Monitoring the changing climate – Rowing PEI 

By Nancy Russell

Coaches and rowers with Rowing PEI have seen the changing weather conditions firsthand in recent years, with more wind and storms, including tropical storms such as Arthur (July 2014), Dorian (September 2019), Teddy (September 2020)  and Elsa (July 2021).  Because we don’t have a clubhouse, we have to either move our boats off the dock, or secure them and hope they can ride out the storm. It’s a lot of work and hard on the nerves!!!

The windier weather, even early in the morning, is also starting to limit our rowing time on the Charlottetown Harbour.  Even in coastal boats, the wind speeds are sometimes too high, especially for new rowers.  In 2021, we decided to move our flat water boats to a sheltered bay on P.E.I.’s north shore, in search of some calmer waters.  The rowers had to beach launch all summer, but at least they got some flatter water. 

We can definitely feel it getting windier, but now with help from the UPEI Climate Lab, we will be able to monitor what’s happening.

In July 2021, they installed a weather station, part of a network across the Island.
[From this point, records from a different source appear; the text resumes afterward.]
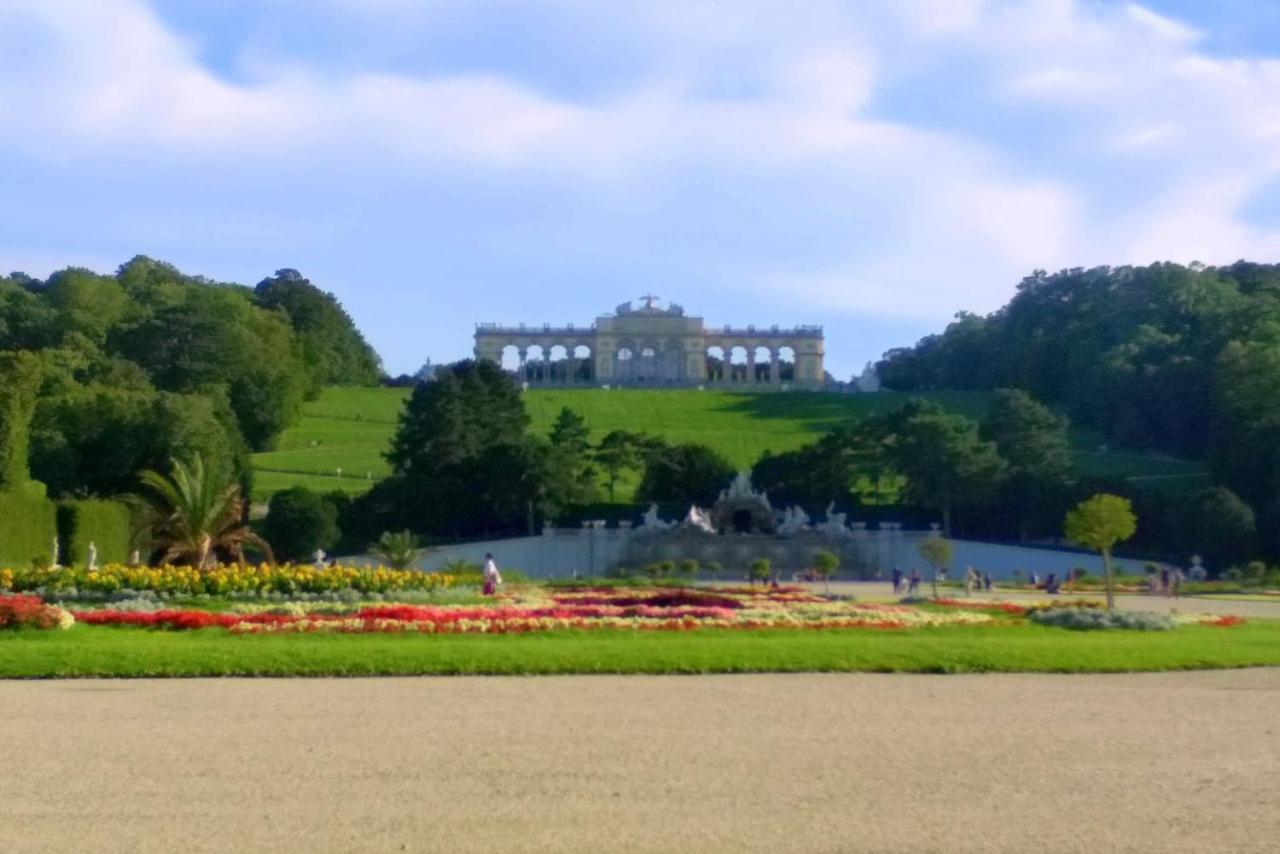 Mariahilfer 4 Min To The Shopping Center And Schoenbrunn Palace *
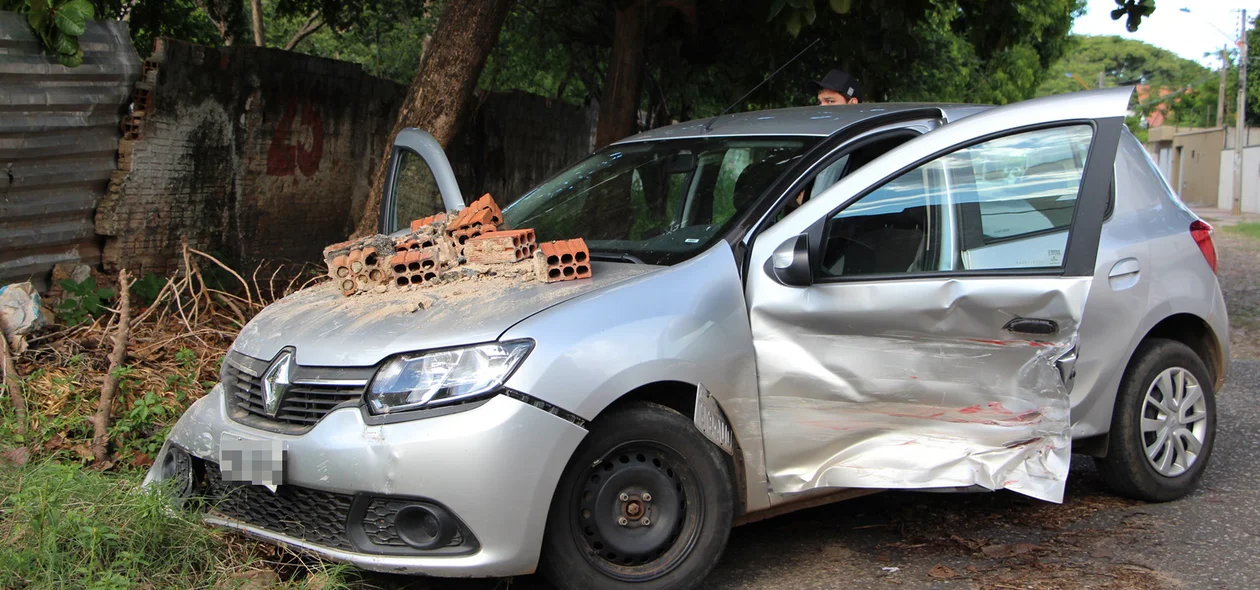 Condutor do veículo Sandero colidiu com um muro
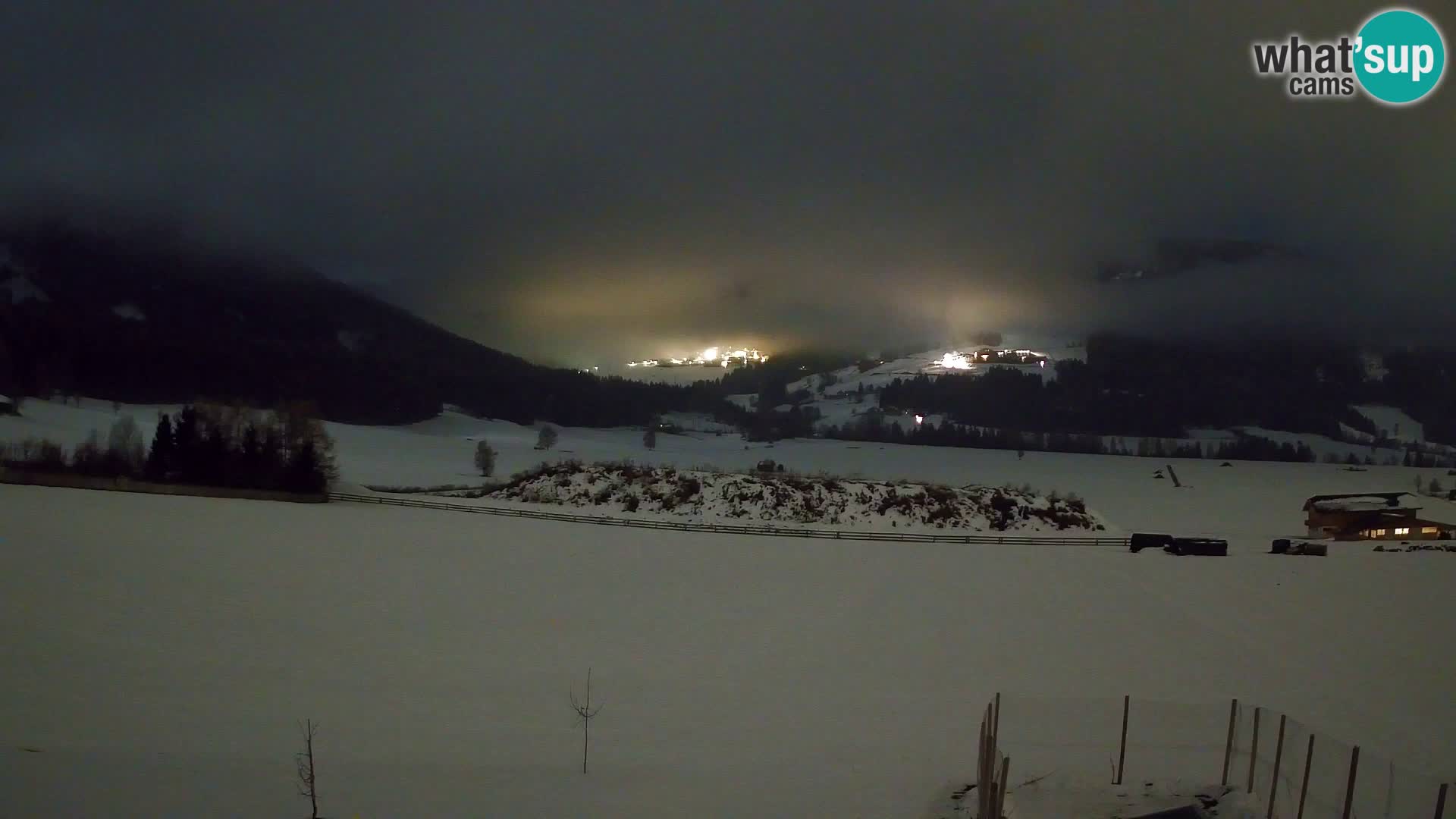 Webkamera Olang | Blick auf den Kronplatz von den Sottla Apartments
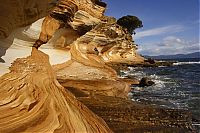 TopRq.com search results: rock formations around the world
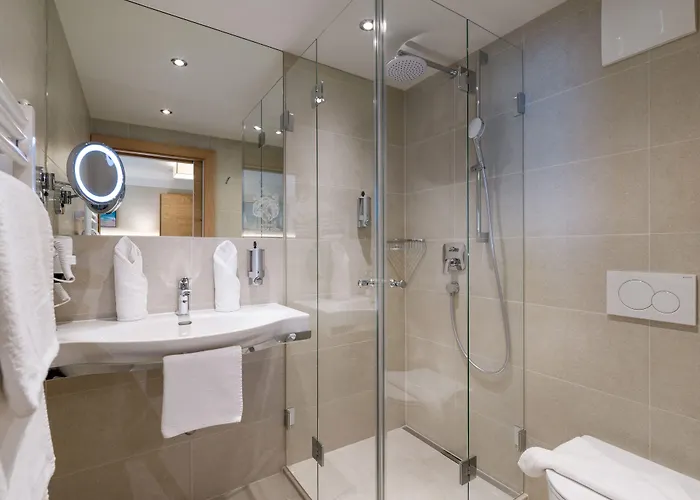 Alpen Glueck Unterm Rain Garni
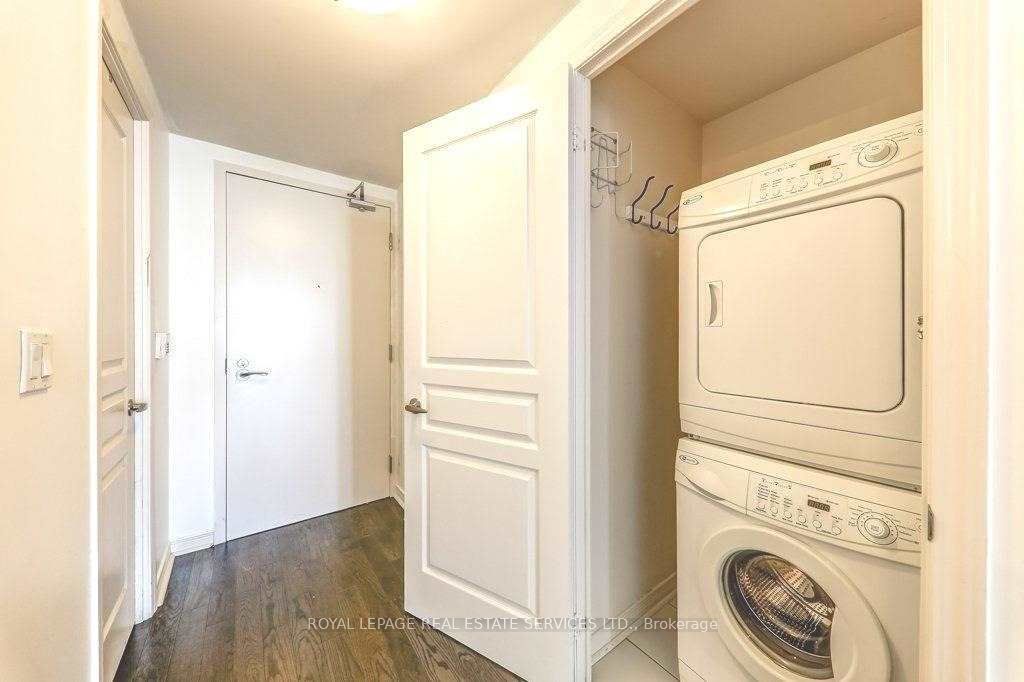 Toronto W06, ON M8V 0B2, Canada, 3 Bedrooms Bedrooms, ,2 BathroomsBathrooms,Residential,Active,79168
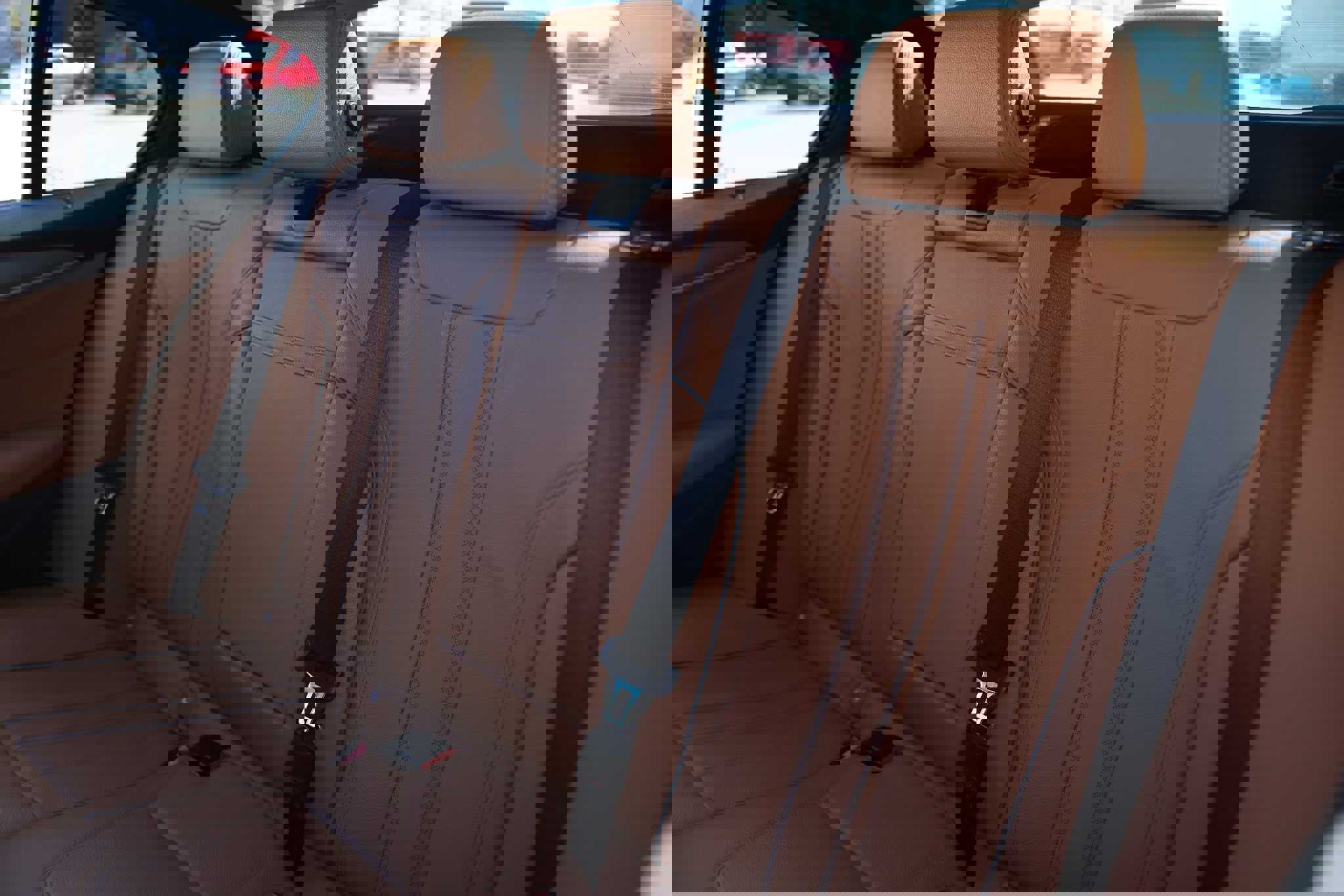 Used 2019 BMW M550i xDrive image 11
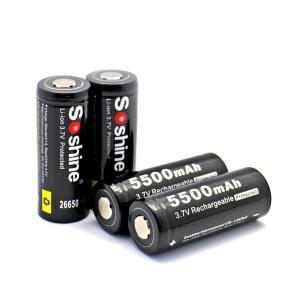 China Soshine 3.7V rechargeable Li-ion 26650 5500mAh Protected Battery with button top factory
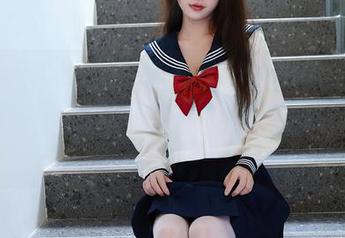 Xiuren秀人网 – 安然maleah的全套粉色写真，不会让我误以为这是个甜品广告吧？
It will collect historical data to track how conditions are changing, and also gives real-time wind speed, which is a game changer on a windy body of water!

We do encourage carpooling to our flat water training centre, which is about 20 minutes from Charlottetown.

The Charlottetown Yacht Club, which is our home base in Charlottetown, is also a member of Sailors for the Sea, which focuses on clean and environmentally friendly sailing.